WHAT IS EXPECTED: Without including any pictures, reproduce all the lines below word for word.

DATA IN THIS EXERCISE:
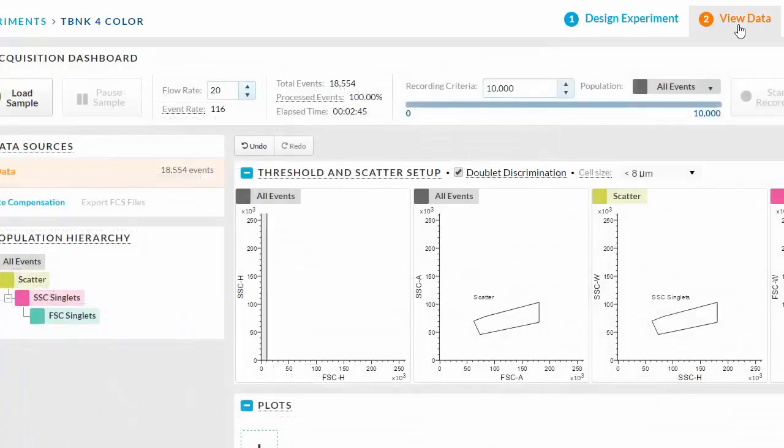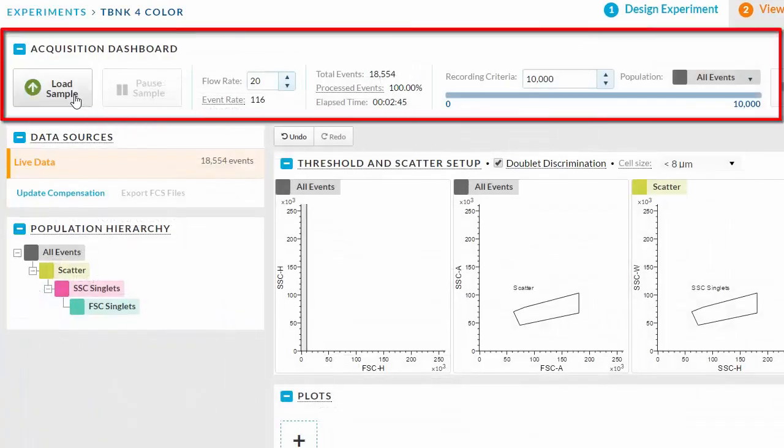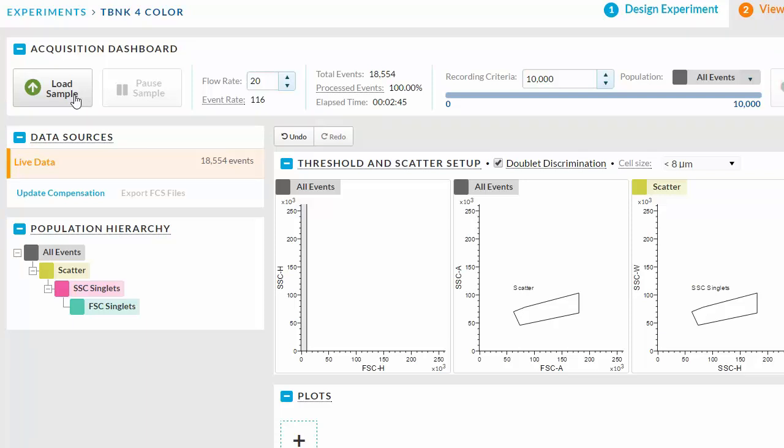At the top of the workspace you will find the Acquisition Dashboard. This is where you load and unload samples, adjust the flow rate, and record a data file.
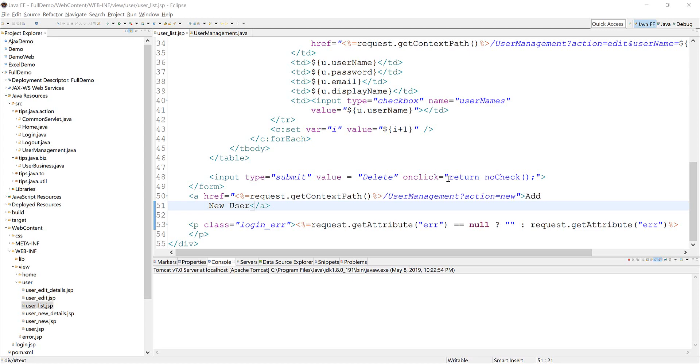Hello, today I will show you a really quick way to export your JSP pages to Excel file.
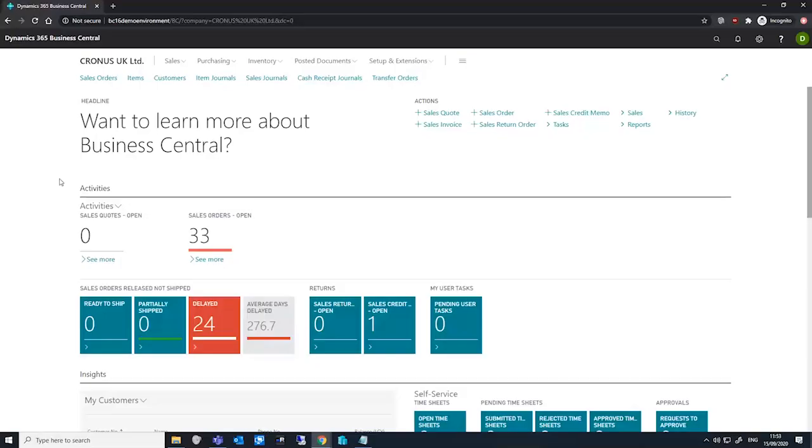Companies that operate within the EU must report their trade with other EU countries or regions. In Business Central, we can use Intrastat reporting to manage this Intrastat process.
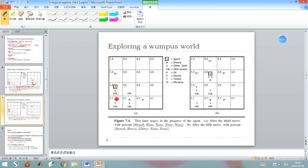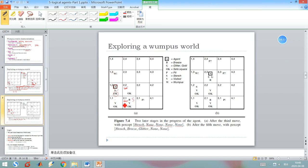Because it perceives stench, there must be a Wumpus nearby. But the Wumpus is not in square (1,1) based on the initial knowledge, and it is also not in (2,2) — otherwise it should have perceived a stench when the agent was in square (2,1). This is the inference: the Wumpus is not in square (2,2). If the Wumpus were in (2,2), the agent should have perceived stench in square (2,1). Therefore, the agent concludes that the Wumpus is in square (1,3). The 'W!' mark indicates the Wumpus is in this square.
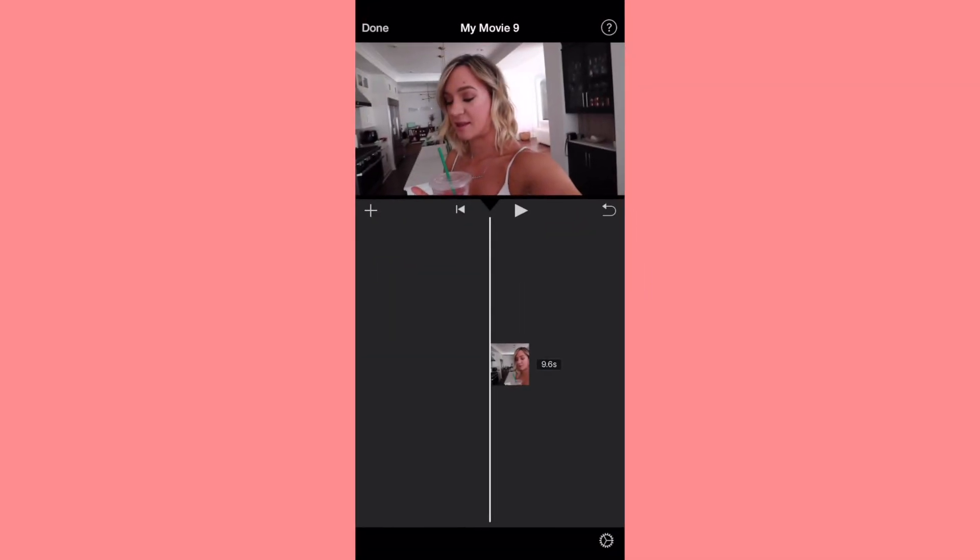Hey guys, what's up? It's Alisha. So for today's video, what I'm going to be doing is finally showing you the new features on iMovie.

REPLY TO THE EXERCISE:
At the top of the workspace you will find the Acquisition Dashboard. This is where you load and unload samples, adjust the flow rate, and record a data file.
Hello, today I will show you a really quick way to export your JSP pages to Excel file.
Companies that operate within the EU must report their trade with other EU countries or regions. In Business Central, we can use Intrastat reporting to manage this Intrastat process.
Because it perceives stench, there must be a Wumpus nearby. But the Wumpus is not in square (1,1) based on the initial knowledge, and it is also not in (2,2) — otherwise it should have perceived a stench when the agent was in square (2,1). This is the inference: the Wumpus is not in square (2,2). If the Wumpus were in (2,2), the agent should have perceived stench in square (2,1). Therefore, the agent concludes that the Wumpus is in square (1,3). The 'W!' mark indicates the Wumpus is in this square.
Hey guys, what's up? It's Alisha. So for today's video, what I'm going to be doing is finally showing you the new features on iMovie.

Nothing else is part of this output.